Orange Chicken
February 8, 2018
Yellow, Oriental, Ching Chong, Ling Long, Chink
Far too many times have I seen confirmation in your eyes when you ask
“What kind of Asian are you?”
and I say, “I’m Chinese.”
What you don’t see is the voice I repress
the suffocating idea I want so badly to express
that it’s not all I am
Because regardless of the boxes you tell me to check
or the boxes you tell me to fit in
I can be Vietnamese without being a Nguyen.
My knowledge, my accomplishments, are overshadowed by my race
Because the only reason I’m 4.0 is the color of my face
I am not your dictionary.
I am not your calculator.
The only thing that adds up
is your inability to comprehend that I am more than what meets the eye
Even me with my tiny, slanted eyes
I can see how blind you are to who I am inside.
What you don’t see are the teardrops cascading down on my textbook
as I tell myself I’m not good enough
What you don’t see is how growing up
my favorite character was June from Little Einsteins
because she was the only one that looked like me
The only Asian I could see before I turned off the TV and saw my reflection in the screen.

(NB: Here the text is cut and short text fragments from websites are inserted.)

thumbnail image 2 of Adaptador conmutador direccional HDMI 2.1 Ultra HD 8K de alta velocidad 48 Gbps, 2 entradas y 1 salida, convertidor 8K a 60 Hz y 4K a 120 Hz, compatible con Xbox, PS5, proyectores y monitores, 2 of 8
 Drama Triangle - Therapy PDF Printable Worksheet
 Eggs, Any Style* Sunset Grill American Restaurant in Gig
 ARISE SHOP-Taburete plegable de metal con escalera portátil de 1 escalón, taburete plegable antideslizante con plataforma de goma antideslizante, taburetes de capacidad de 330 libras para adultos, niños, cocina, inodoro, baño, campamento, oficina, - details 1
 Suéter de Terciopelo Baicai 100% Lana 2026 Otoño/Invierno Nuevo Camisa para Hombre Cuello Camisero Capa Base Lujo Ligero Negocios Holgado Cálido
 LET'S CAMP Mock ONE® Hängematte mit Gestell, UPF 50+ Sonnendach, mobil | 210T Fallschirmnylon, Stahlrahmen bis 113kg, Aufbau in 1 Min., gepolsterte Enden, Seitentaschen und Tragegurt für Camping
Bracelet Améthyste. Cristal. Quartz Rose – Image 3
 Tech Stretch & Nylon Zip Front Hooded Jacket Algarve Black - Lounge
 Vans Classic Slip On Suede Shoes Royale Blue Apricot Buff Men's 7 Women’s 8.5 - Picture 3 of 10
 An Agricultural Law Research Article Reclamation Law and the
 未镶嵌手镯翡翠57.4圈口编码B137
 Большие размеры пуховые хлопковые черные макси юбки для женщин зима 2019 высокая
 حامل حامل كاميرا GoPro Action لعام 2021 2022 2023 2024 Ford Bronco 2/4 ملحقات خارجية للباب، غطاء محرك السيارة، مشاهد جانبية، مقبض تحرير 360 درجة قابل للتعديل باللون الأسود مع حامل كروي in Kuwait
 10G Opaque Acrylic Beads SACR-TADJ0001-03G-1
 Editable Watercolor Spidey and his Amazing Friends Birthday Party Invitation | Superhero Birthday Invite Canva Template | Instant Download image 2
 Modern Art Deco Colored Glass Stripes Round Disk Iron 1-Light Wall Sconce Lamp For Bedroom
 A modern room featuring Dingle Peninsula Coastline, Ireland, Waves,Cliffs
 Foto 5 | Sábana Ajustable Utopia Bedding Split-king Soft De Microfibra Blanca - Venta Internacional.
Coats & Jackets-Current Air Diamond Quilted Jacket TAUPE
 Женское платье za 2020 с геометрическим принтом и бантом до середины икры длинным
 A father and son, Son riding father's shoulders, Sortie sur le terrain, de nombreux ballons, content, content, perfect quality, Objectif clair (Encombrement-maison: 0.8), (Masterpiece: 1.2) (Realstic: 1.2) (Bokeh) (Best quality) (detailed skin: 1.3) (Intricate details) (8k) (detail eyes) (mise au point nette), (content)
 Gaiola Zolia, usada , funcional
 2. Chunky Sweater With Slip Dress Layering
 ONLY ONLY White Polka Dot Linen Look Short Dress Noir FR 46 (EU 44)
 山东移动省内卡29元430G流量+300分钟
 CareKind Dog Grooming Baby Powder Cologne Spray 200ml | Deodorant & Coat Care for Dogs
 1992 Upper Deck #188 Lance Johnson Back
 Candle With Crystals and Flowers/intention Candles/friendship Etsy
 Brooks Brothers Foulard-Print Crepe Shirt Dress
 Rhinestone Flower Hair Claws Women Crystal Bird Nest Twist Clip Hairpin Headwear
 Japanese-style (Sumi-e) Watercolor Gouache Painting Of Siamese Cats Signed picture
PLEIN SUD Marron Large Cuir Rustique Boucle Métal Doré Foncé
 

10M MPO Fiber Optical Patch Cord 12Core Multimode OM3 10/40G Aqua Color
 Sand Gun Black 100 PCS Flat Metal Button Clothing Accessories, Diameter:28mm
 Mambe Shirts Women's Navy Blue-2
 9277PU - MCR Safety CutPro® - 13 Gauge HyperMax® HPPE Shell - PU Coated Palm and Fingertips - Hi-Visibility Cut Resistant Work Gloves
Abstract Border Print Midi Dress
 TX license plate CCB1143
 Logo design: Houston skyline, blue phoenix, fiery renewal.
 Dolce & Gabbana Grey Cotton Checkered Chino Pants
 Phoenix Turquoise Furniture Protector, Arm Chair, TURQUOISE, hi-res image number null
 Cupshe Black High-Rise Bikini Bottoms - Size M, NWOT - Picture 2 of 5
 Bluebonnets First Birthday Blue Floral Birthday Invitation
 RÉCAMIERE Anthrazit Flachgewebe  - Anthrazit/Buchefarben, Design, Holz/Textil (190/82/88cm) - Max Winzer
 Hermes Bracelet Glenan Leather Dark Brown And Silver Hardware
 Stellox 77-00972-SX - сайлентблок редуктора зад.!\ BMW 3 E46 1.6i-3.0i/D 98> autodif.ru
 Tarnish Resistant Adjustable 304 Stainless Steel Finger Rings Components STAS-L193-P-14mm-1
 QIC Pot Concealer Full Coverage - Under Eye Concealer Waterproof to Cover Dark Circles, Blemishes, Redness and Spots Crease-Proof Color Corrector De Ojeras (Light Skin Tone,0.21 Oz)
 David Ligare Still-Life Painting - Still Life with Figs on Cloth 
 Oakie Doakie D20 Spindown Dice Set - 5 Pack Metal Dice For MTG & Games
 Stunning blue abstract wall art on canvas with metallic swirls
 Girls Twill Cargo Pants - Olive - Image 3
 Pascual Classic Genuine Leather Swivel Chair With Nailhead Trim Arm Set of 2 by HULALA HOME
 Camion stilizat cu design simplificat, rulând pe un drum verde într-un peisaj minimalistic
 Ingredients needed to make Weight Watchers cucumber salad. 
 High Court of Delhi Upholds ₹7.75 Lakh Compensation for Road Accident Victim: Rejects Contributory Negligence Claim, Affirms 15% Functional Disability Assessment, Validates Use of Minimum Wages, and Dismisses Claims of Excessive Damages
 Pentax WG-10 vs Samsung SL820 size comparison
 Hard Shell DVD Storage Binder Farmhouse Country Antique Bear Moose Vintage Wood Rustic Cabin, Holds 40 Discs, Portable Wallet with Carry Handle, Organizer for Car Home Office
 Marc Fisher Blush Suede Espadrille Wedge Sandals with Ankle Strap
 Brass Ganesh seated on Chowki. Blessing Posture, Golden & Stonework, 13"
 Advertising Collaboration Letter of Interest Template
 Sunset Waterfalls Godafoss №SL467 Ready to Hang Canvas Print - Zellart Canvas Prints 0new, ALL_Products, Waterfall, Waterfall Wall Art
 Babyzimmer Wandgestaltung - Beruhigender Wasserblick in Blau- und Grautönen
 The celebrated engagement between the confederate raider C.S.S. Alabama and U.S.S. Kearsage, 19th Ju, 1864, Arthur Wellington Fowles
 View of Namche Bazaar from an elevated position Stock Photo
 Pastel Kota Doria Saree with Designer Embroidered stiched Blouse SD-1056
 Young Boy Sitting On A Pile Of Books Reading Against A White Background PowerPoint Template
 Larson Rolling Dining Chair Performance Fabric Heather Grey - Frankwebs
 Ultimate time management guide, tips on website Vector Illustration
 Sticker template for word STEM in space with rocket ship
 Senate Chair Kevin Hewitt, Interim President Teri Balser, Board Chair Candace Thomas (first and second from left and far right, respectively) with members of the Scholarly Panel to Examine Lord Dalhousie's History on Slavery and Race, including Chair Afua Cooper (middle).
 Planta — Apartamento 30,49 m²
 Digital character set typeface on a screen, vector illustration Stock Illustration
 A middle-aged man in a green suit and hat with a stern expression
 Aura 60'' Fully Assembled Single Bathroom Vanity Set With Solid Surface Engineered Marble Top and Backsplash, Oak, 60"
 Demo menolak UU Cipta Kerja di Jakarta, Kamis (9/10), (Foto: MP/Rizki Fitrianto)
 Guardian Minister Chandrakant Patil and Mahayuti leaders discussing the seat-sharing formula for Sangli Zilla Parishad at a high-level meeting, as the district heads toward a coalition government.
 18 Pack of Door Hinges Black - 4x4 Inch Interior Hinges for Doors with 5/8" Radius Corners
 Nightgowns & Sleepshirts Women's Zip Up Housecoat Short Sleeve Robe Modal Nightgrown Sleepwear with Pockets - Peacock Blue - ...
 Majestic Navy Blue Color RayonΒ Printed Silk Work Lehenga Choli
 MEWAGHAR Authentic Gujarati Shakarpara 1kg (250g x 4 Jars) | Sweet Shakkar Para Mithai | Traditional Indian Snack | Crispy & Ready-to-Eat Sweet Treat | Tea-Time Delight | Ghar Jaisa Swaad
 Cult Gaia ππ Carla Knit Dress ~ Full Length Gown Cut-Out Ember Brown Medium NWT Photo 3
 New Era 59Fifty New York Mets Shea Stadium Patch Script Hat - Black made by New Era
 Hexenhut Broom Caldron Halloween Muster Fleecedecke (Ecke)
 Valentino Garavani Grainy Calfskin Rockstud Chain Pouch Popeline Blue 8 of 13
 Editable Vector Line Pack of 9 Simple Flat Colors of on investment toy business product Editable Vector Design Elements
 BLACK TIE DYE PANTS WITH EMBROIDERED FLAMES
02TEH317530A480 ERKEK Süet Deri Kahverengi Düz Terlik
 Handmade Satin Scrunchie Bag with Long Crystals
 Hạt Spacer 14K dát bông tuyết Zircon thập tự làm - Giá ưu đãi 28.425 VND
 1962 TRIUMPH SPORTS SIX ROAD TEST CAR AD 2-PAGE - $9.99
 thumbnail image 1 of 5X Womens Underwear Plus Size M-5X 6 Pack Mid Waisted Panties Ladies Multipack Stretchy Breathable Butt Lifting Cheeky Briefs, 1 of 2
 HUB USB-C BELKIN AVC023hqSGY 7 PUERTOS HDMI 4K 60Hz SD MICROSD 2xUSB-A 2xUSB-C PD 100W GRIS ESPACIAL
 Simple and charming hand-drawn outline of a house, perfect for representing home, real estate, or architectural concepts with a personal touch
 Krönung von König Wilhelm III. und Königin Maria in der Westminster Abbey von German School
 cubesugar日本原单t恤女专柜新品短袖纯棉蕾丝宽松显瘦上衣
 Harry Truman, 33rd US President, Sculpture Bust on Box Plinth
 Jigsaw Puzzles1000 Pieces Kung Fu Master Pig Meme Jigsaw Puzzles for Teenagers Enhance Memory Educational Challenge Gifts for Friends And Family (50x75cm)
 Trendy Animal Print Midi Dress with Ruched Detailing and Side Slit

When the stories society spins are rooted in stereotypes as old as archives
it renews the paint stroke of whitewash on the canvas of our lives
I have become complicit in shaming myself for my own heritage
Privilege is what I lack, because “person of color” doesn’t just mean black
In our day and age, with being a minority, I’m no novice
I know to find racism, I’ll visit the oval office.
Stripped of respect
I am a knight with no shield
no power to wield
If all I am good for is overachieving
the reason I’m extra is to level the playing field.